◆ **Task item**
From the listing below, please restate exactly the lines beginning at the one with "Чехол с принтом" and ending at the one with "Mexico Gnomes Mouse", both included, and skip the pictures.
[Available records — start]
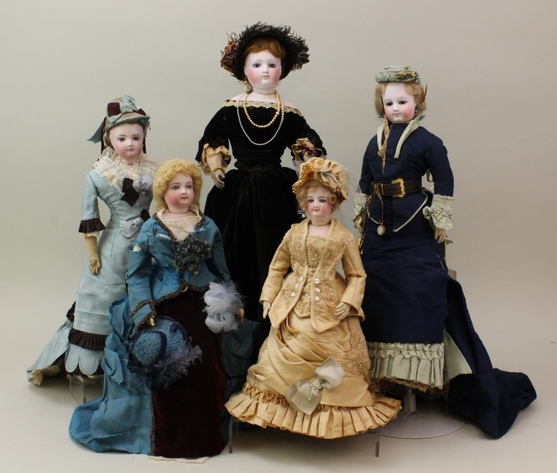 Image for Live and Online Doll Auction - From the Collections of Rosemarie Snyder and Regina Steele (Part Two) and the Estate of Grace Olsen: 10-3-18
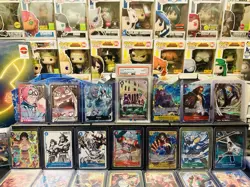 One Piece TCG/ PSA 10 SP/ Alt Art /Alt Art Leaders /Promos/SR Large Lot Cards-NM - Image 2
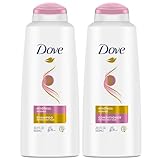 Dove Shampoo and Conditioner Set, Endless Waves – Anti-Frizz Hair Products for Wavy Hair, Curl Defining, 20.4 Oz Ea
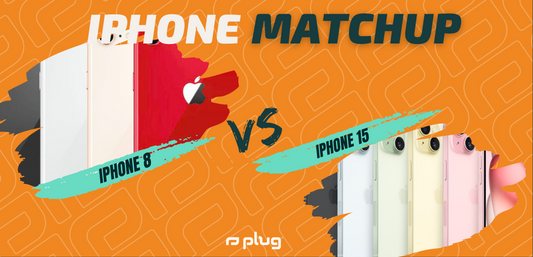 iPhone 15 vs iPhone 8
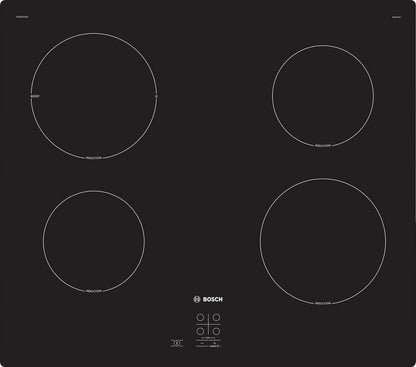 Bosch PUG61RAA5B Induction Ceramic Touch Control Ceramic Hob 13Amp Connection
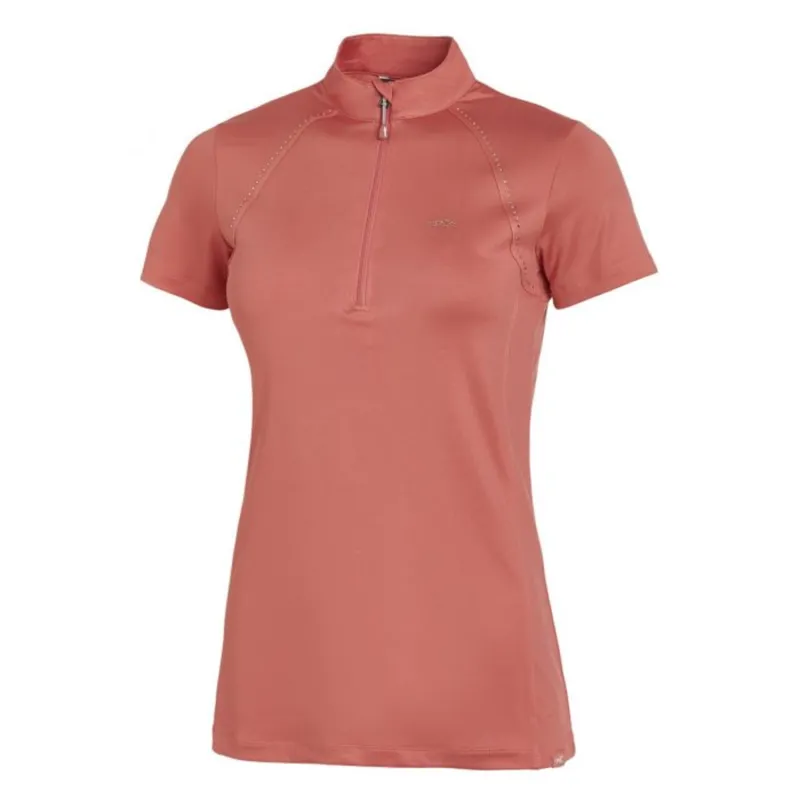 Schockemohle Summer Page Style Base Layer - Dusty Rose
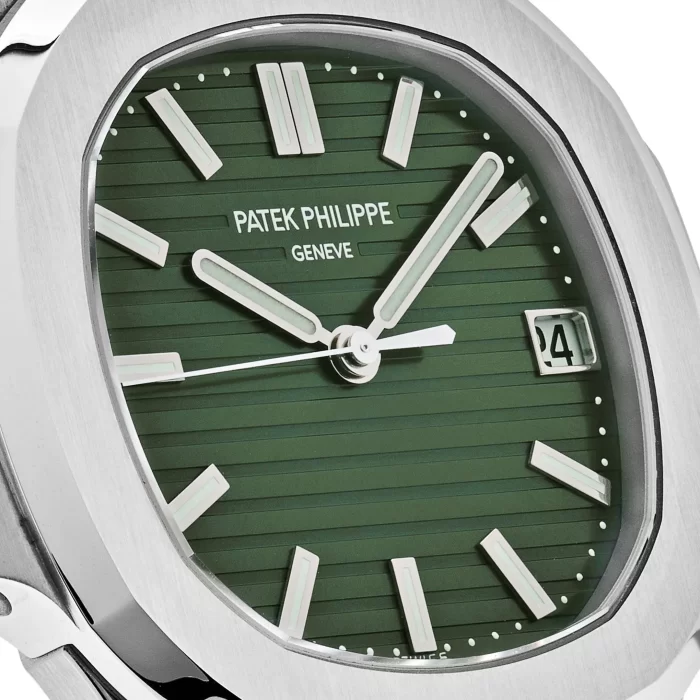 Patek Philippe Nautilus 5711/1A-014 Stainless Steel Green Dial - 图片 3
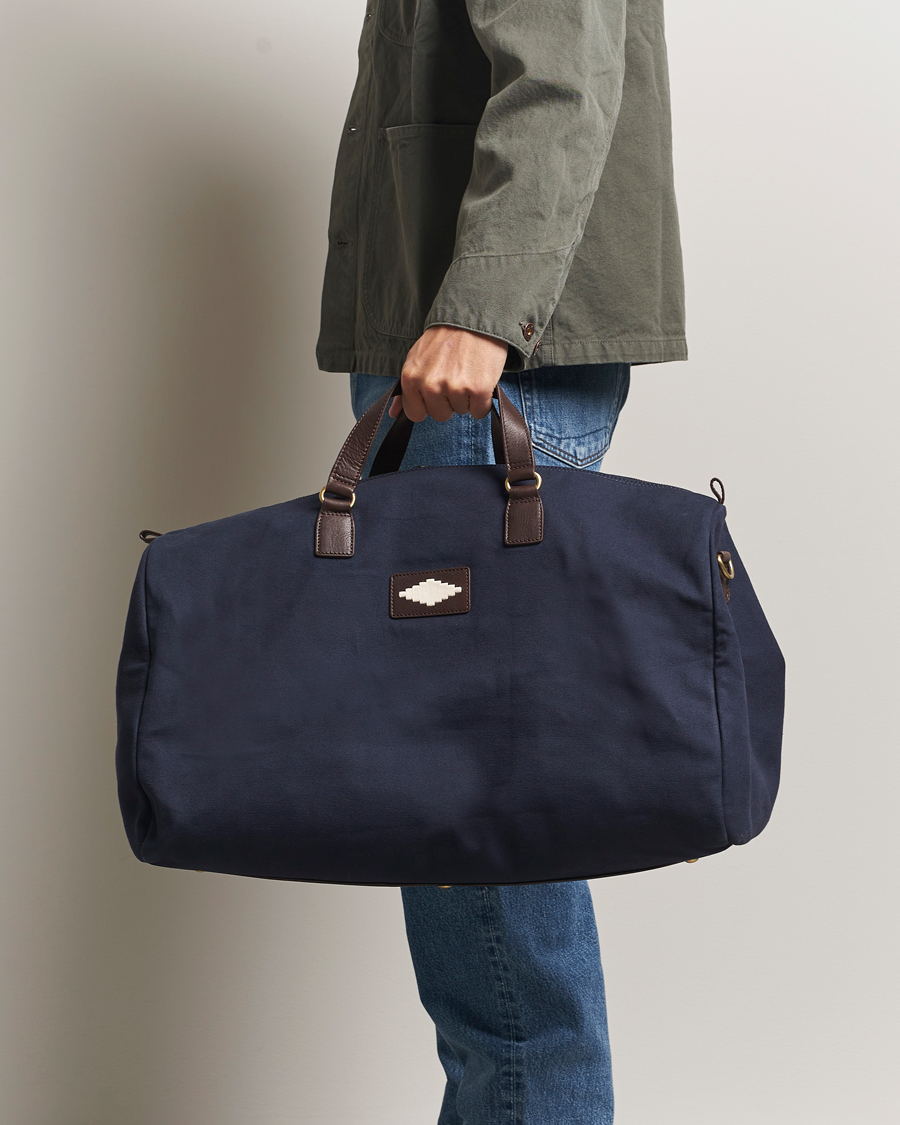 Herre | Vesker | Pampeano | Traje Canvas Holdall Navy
[Available records — finish]
[Available records — start]
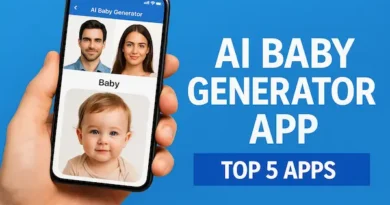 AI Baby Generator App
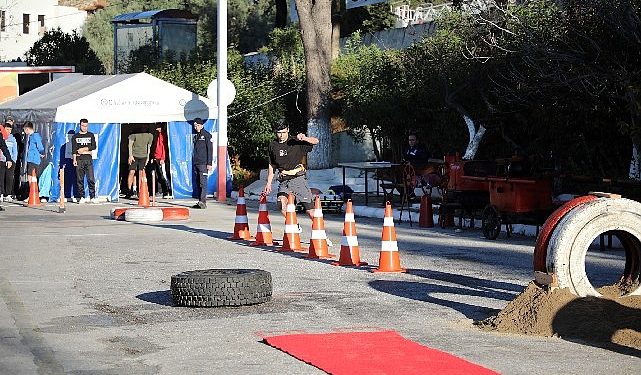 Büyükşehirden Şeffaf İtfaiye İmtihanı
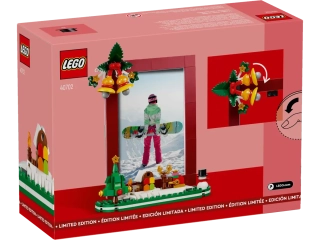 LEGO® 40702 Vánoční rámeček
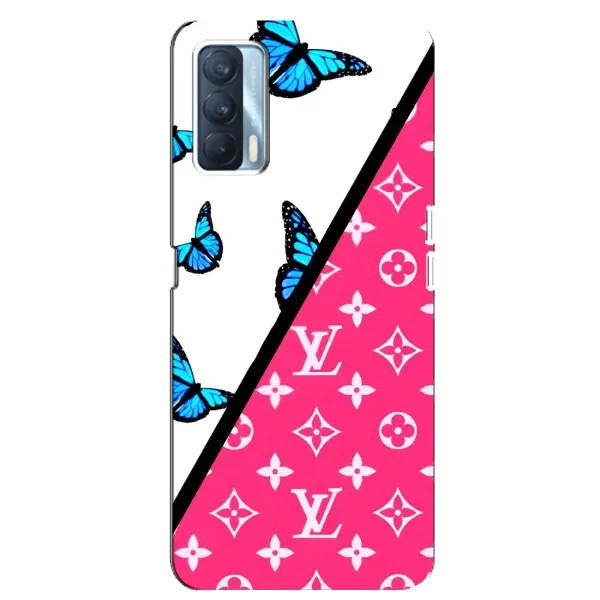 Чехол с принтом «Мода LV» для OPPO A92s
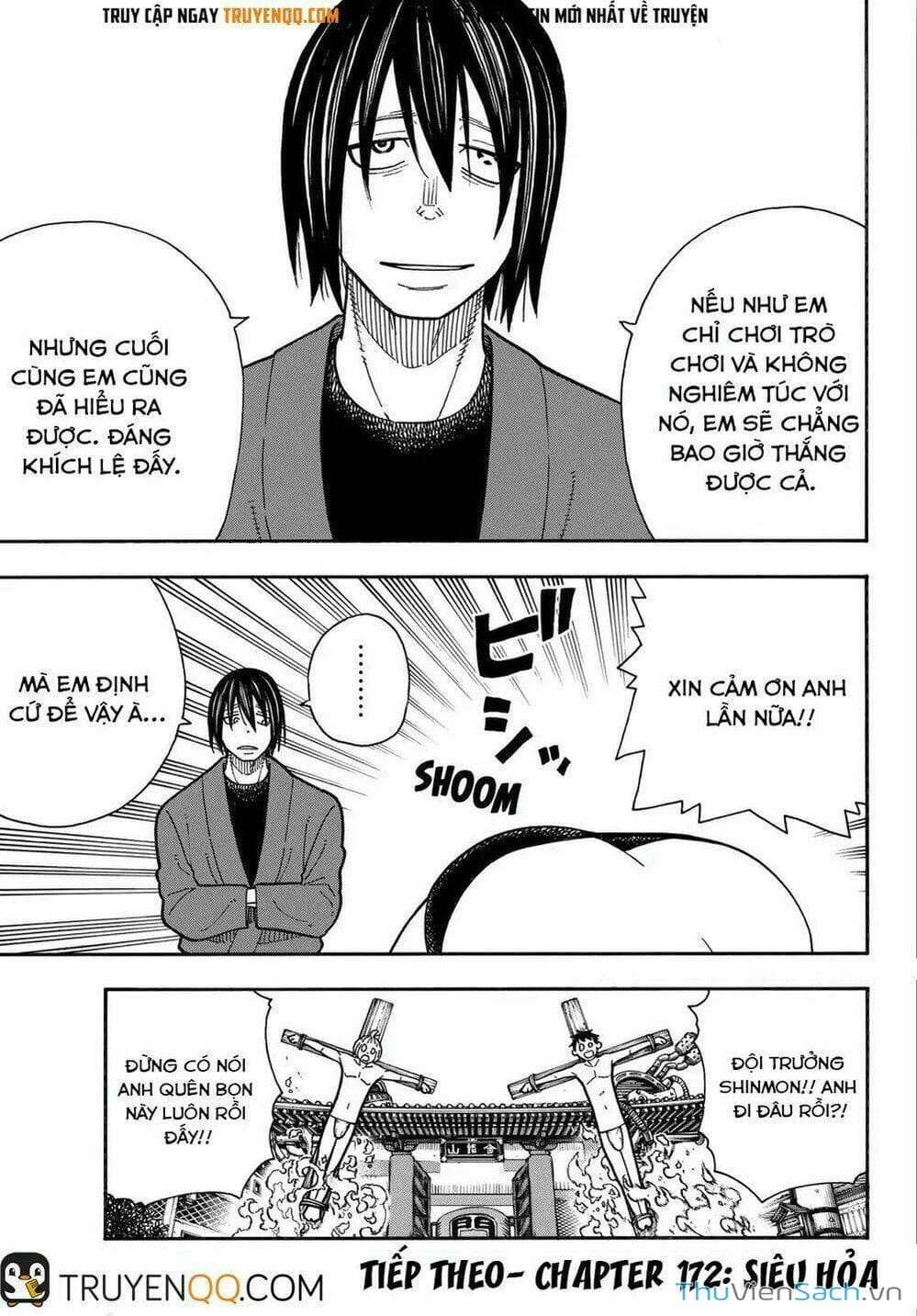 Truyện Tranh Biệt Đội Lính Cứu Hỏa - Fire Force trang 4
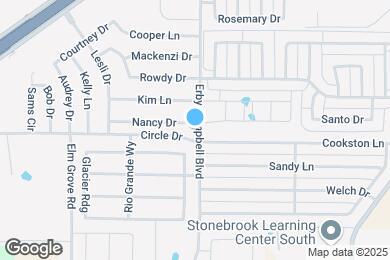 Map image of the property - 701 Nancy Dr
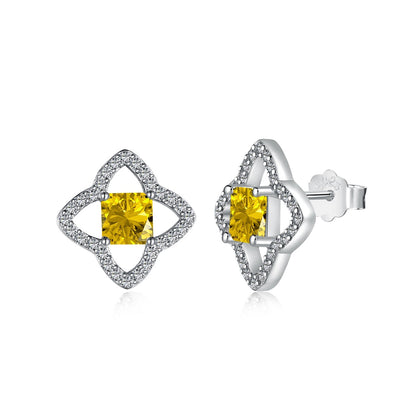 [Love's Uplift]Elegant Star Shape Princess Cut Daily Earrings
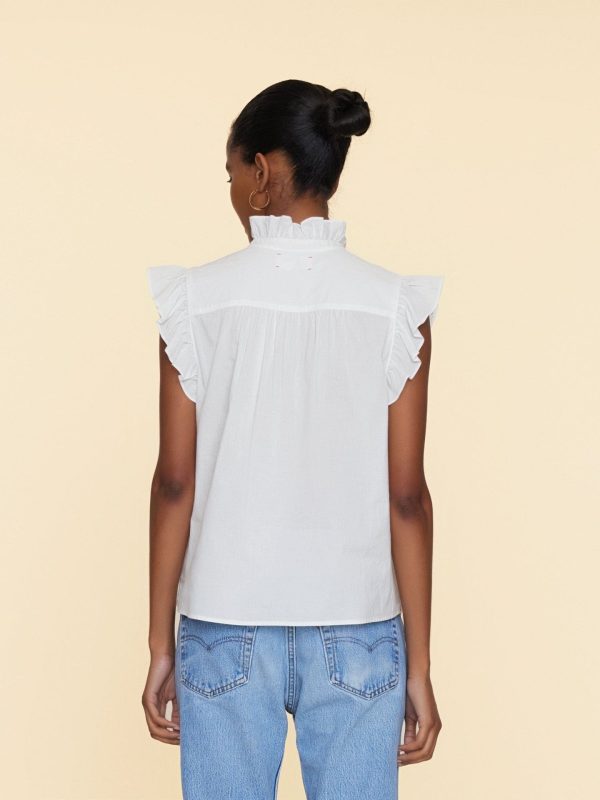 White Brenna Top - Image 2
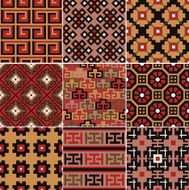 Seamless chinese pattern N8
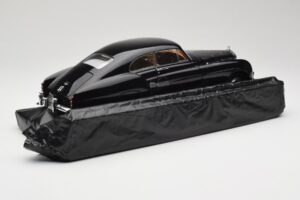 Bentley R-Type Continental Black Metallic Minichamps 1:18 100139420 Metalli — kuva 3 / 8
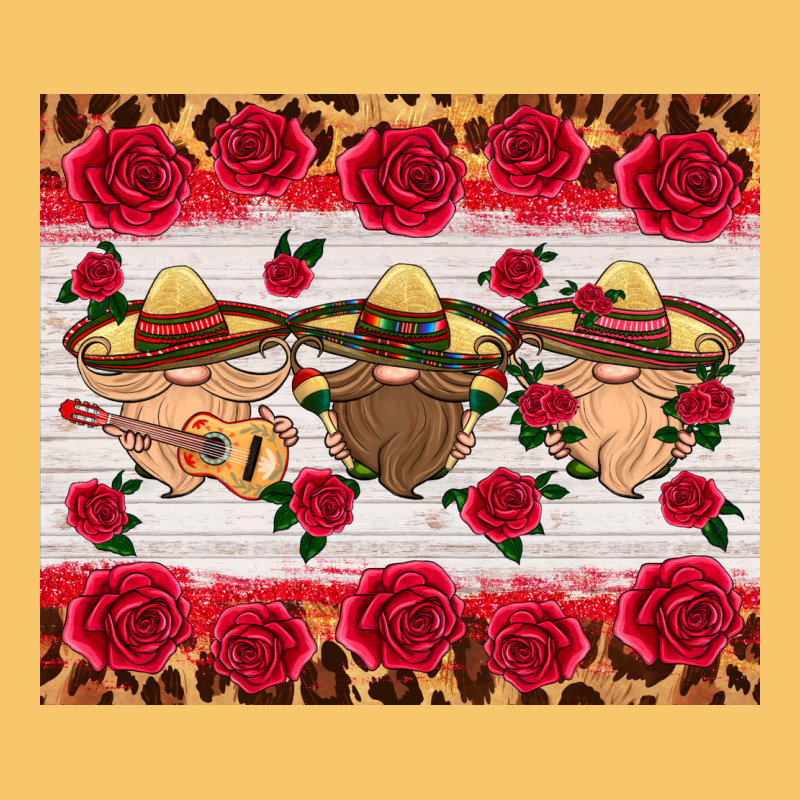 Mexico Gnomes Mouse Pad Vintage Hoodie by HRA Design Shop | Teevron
[Available records — finish]
◆ **Answer to the problem**
 Чехол с принтом «Мода LV» для OPPO A92s
 Truyện Tranh Biệt Đội Lính Cứu Hỏa - Fire Force trang 4
 Map image of the property - 701 Nancy Dr
 [Love's Uplift]Elegant Star Shape Princess Cut Daily Earrings
 White Brenna Top - Image 2
 Seamless chinese pattern N8
 Bentley R-Type Continental Black Metallic Minichamps 1:18 100139420 Metalli — kuva 3 / 8
 Mexico Gnomes Mouse Pad Vintage Hoodie by HRA Design Shop | Teevron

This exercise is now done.